Los recientes disturbios en Torre Pacheco no son un fenómeno aislado, ni una consecuencia directa del islam, como algunos titulares buscan sugerir. Lo que ha estallado —como en otras periferias silenciosas— es el hartazgo de un abandono que lleva años cocinándose. Arde la exclusión, no la religión. Lo que se quema es la desidia institucional, la fractura social y el vacío espiritual.
España lleva años apostando por una inmigración masiva, sin planificación seria, sin proyecto integrador, sin equilibrio territorial. Mientras las ciudades desarrolladas blindan sus centros y limitan los accesos, los pueblos rurales y barrios periféricos han sido el destino obligado de miles de personas que llegan buscando dignidad. Pero ni los gobiernos ni muchas comunidades autónomas han hecho el trabajo necesario: ni recursos, ni presencia policial, ni proyectos educativos interculturales ni, mucho menos, un horizonte de integración real.
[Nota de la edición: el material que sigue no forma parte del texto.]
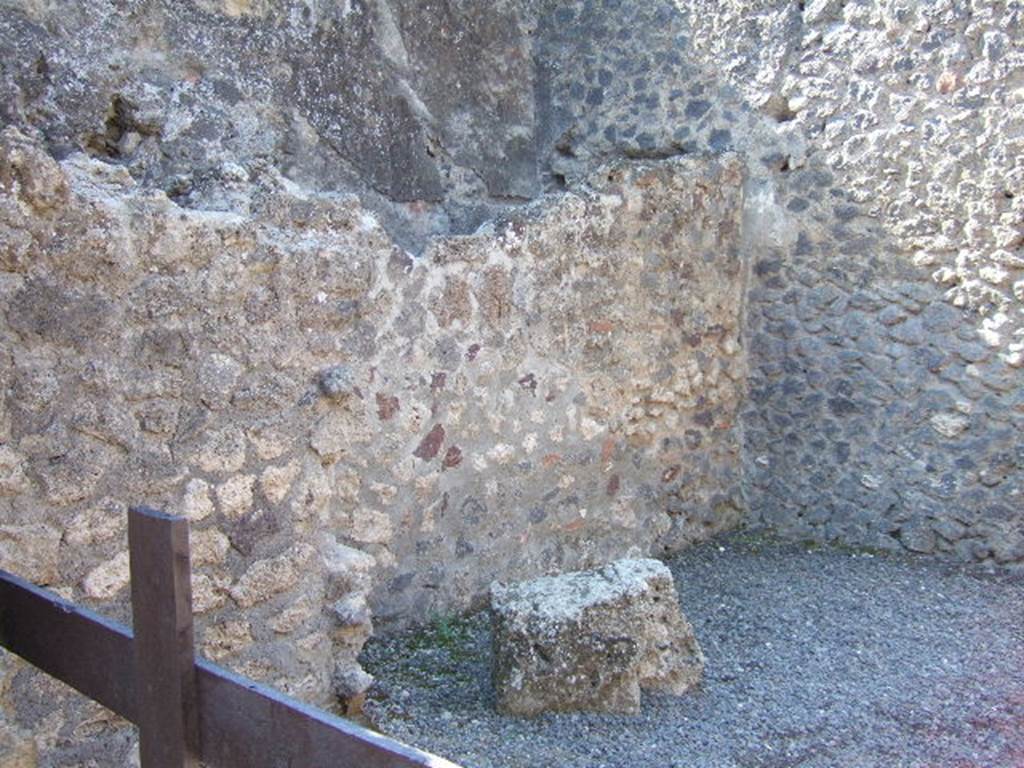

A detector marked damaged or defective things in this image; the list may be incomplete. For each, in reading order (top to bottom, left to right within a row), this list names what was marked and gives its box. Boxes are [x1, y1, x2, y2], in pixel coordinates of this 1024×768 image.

rusty metal bar [0, 565, 136, 720]
rusty metal bar [128, 507, 199, 765]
No hay integración sin proyecto compartido. Y eso requiere mucho más que subvenciones o retóricas buenistas. Requiere justicia distributiva, firmeza legal, educación cívica y valores comunes. Lo que no se dice es que donde el Estado se retira, donde los servicios sociales no alcanzan, donde la escuela fracasa y las parroquias desaparecen, surge el conflicto. No por religión, sino por desesperanza. Y si a ello le añadimos estructuras familiares rotas, tráfico de drogas, desempleo crónico y guetos cerrados sobre sí mismos, la mecha está encendida.
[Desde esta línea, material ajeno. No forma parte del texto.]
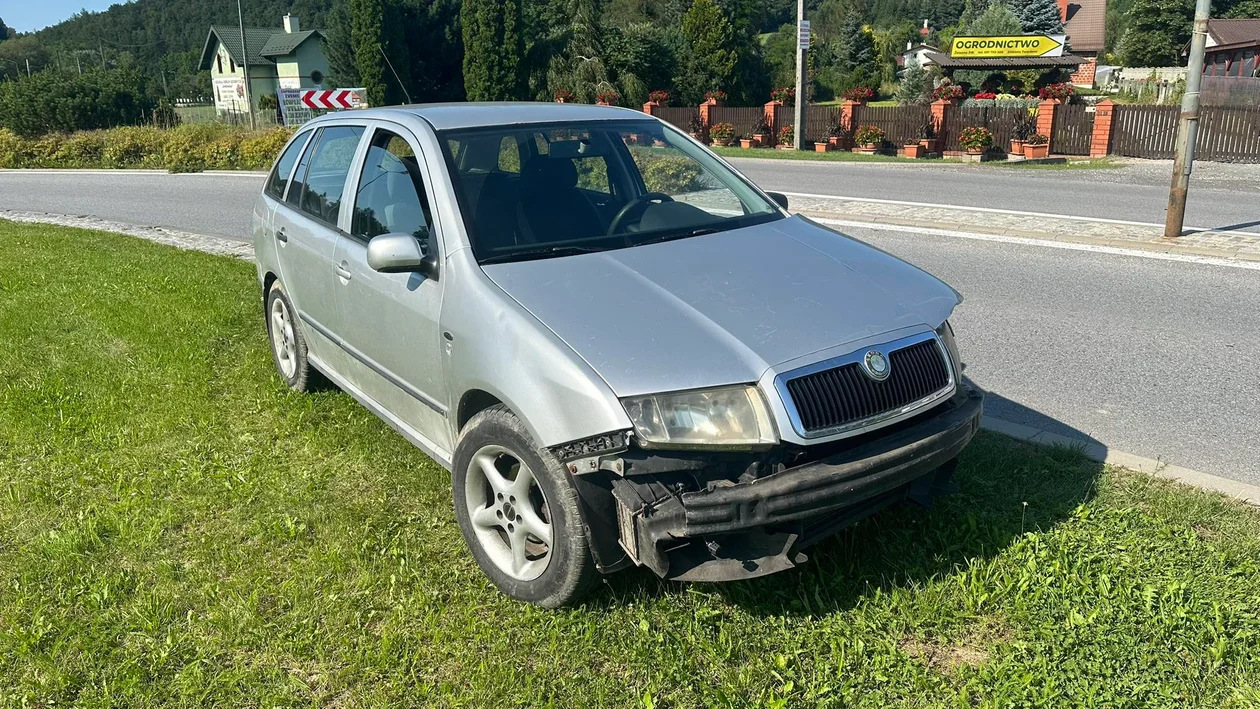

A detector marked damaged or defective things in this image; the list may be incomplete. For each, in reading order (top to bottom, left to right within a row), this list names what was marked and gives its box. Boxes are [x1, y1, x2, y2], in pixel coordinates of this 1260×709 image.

damaged silver skoda [254, 102, 988, 604]
missing front bumper [612, 388, 988, 580]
La inmigración, cuando no se gestiona bien, se convierte en un problema estructural. Pero el verdadero fracaso es nuestro. Porque quienes primero necesitan integración y referencia son nuestros propios jóvenes, muchos de ellos ya criados entre el nihilismo, la pantalla y el desarraigo. Un barrio sin alma es aquel donde nadie se conoce, nadie se ayuda y nadie cree en nada.
¿Qué puede dar sentido a la vida en un entorno así? ¿Cómo evitar que cunda el desencanto, la violencia o el fanatismo cuando no hay trabajo, ni comunidad, ni fe compartida, ni esperanza? La respuesta no puede ser sólo más policía. Ni tampoco más tolerancia sin exigencia. Hay que reconstruir el tejido social y espiritual de nuestros barrios. Y eso implica volver a hablar de verdad, de responsabilidad, de trascendencia.
Europa ha renunciado, poco a poco, a su alma cristiana. Lo ha hecho en nombre de una supuesta neutralidad que, en la práctica, deja espacio al islam más identitario o al vacío posmoderno. Pero como recordaba Angela Merkel: “tenemos demasiado poco cristianismo”. No se trata de imponer una fe, sino de reconocer que sin raíces comunes no hay convivencia posible.
España necesita un nuevo pacto social y espiritual, basado en: Políticas migratorias justas y exigentes, que limiten la masificación y favorezcan la integración real. Escuelas con medios y autoridad moral para educar en el bien común. Recuperación del papel de la Iglesia, no como refugio ideológico, sino como fermento comunitario. Presencia del Estado allí donde hoy reinan la droga, la ley del más fuerte o el abandono.
Lo que ha pasado en Torre Pacheco puede volver a repetirse en otros lugares si seguimos ignorando la raíz del problema. No es el islam. No son los jóvenes. No son los inmigrantes. Es la ausencia de un horizonte compartido. Es el alma lo que falta. Y sin alma, los barrios arden. Y con ellos, la esperanza de construir algo mejor.